Top of RECORDS PROVIDED
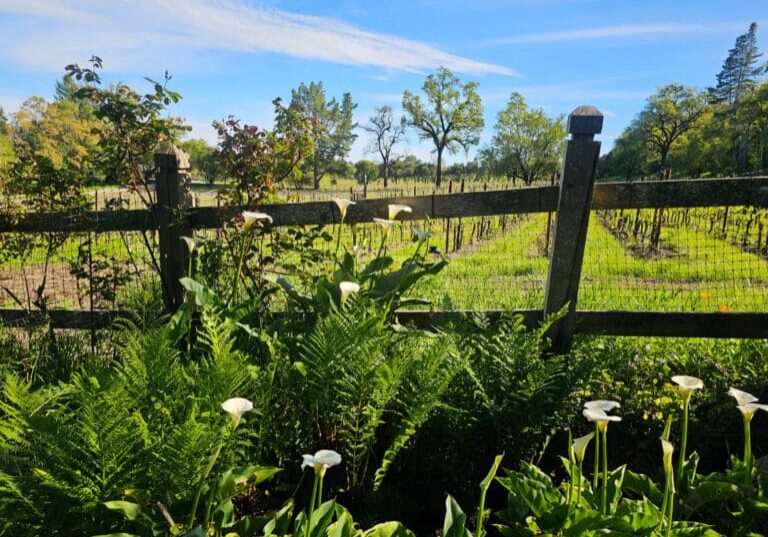 Wooden fence with white flowers and ferns in front of a sunny vineyard and trees under a blue sky.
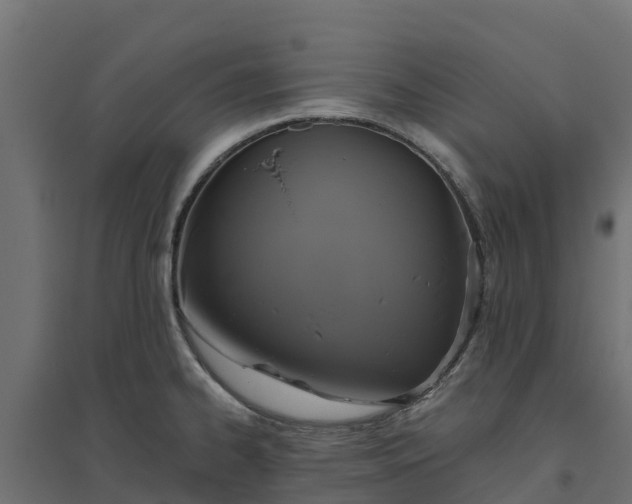 X0000094791334200711241353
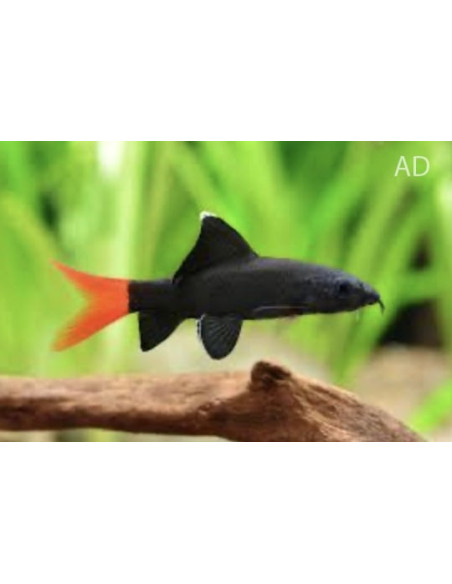 Epalzeorhynchus Bicolor 4-5cm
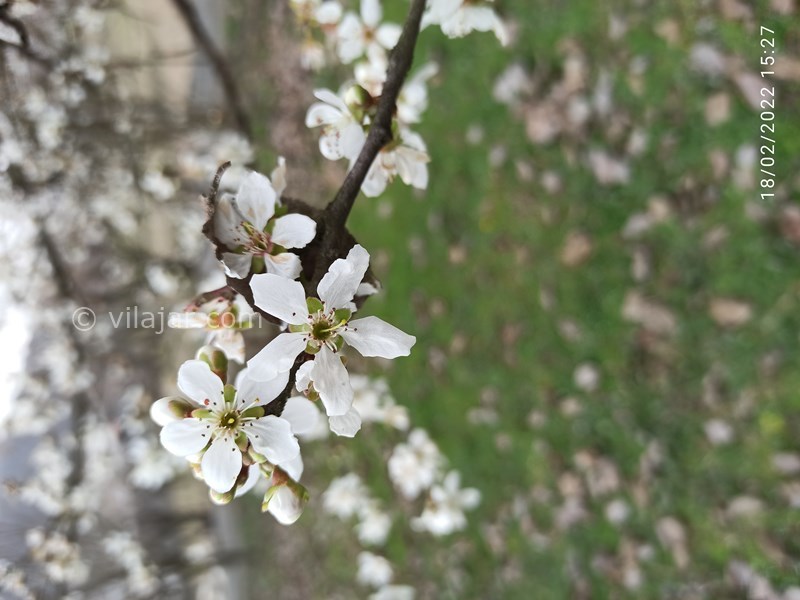 عکس شماره 676021 - اجاره ویلا جنگلی اطراف سوادکوه - 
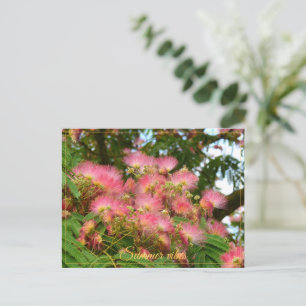Beautiful Albizia tree in flowers Postcard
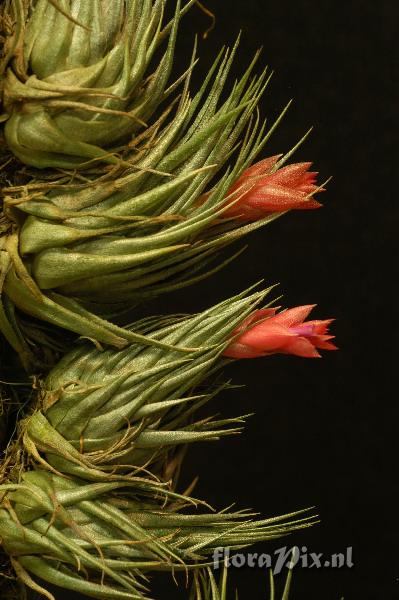 Tillandsia kautskyi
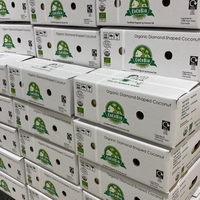 Biologische Jonge Kokosnoot Diamant Vorm Verpakking 9Kg Doos Verse Fruitschaal Hele Export Midden Oosten 84 976727907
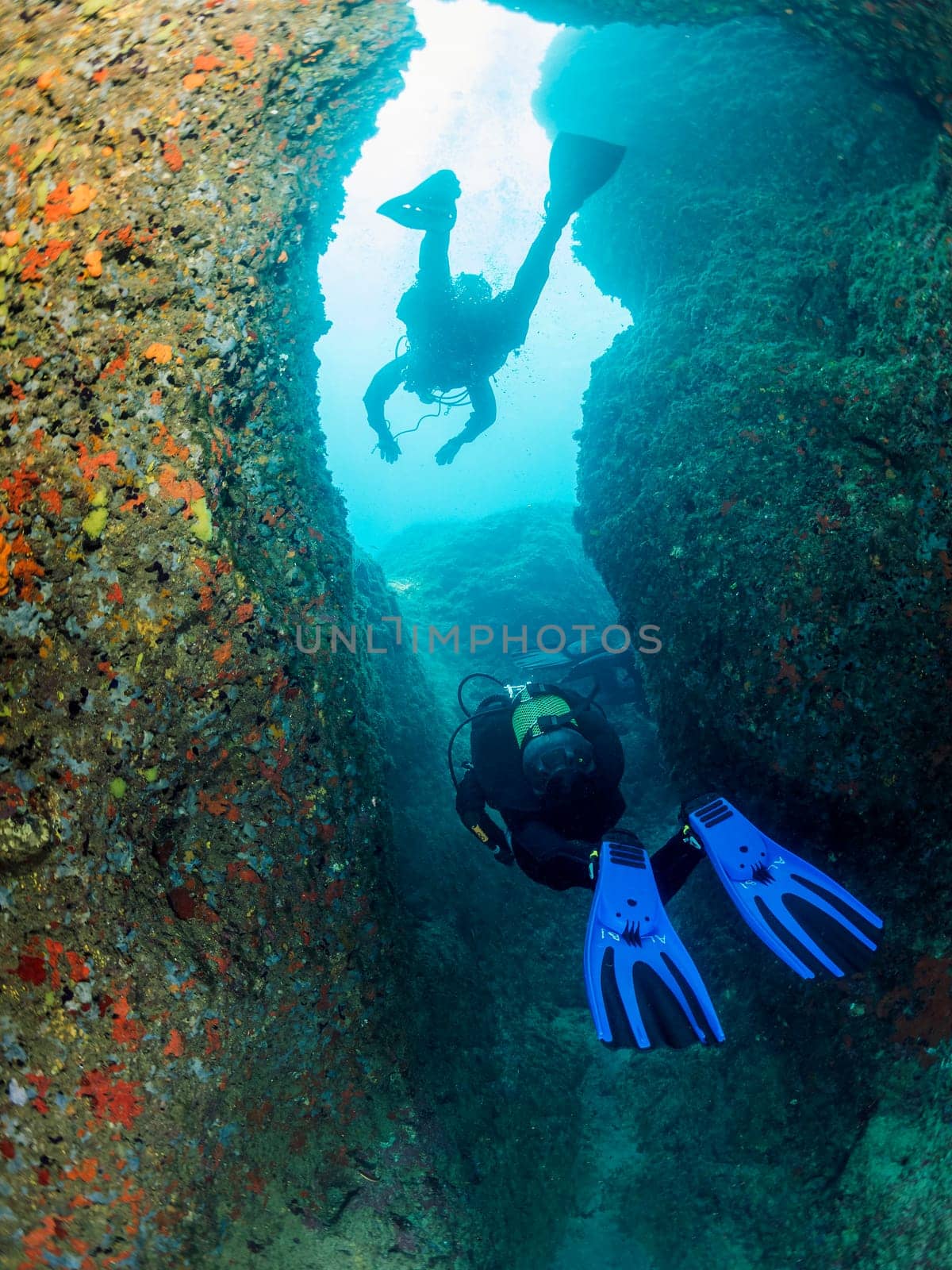group of two divers diving between the walls covered in coral and sea sponges of an underwater canyon, concept of recreational scuba diving and underwater adventure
Bottom of RECORDS PROVIDED
▶ [YOUR ASSIGNMENT]:
With all pictures removed, reproduce the lines from the top of the entries above through the line containing "Biologische Jonge Kokosnoot", exactly as written.

▶ [SOLVED PROBLEM]:
 Wooden fence with white flowers and ferns in front of a sunny vineyard and trees under a blue sky.
 X0000094791334200711241353
 Epalzeorhynchus Bicolor 4-5cm
 عکس شماره 676021 - اجاره ویلا جنگلی اطراف سوادکوه - 
Beautiful Albizia tree in flowers Postcard
 Tillandsia kautskyi
 Biologische Jonge Kokosnoot Diamant Vorm Verpakking 9Kg Doos Verse Fruitschaal Hele Export Midden Oosten 84 976727907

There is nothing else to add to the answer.